(TASK DESCRIPTION) Lines containing the word "Mini" are the ones to copy from the records below.

[INPUT]

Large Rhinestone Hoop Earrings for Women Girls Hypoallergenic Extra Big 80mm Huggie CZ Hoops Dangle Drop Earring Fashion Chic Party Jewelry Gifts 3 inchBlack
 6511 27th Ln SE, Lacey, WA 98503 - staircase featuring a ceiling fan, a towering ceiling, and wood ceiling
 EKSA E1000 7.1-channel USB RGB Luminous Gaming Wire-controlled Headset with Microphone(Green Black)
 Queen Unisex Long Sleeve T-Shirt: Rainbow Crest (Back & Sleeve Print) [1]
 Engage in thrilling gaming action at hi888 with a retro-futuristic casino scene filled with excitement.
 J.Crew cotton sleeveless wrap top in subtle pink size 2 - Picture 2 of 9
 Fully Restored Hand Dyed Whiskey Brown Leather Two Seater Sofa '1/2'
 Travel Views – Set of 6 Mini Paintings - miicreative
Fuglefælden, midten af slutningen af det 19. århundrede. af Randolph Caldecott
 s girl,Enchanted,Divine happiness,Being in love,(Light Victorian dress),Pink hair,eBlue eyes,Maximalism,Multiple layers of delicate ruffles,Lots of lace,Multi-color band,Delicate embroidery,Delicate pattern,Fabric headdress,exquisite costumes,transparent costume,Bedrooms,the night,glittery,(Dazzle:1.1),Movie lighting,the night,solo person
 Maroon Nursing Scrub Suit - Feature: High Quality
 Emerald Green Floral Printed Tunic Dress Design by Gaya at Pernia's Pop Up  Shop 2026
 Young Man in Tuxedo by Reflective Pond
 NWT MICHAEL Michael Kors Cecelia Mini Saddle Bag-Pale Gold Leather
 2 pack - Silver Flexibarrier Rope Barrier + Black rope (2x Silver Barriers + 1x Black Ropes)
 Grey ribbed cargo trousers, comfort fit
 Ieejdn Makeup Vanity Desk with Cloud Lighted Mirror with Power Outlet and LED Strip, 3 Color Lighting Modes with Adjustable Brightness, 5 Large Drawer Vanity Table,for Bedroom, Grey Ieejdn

[/INPUT]

(ANSWER FOR THIS EXERCISE)
 Travel Views – Set of 6 Mini Paintings - miicreative
 NWT MICHAEL Michael Kors Cecelia Mini Saddle Bag-Pale Gold Leather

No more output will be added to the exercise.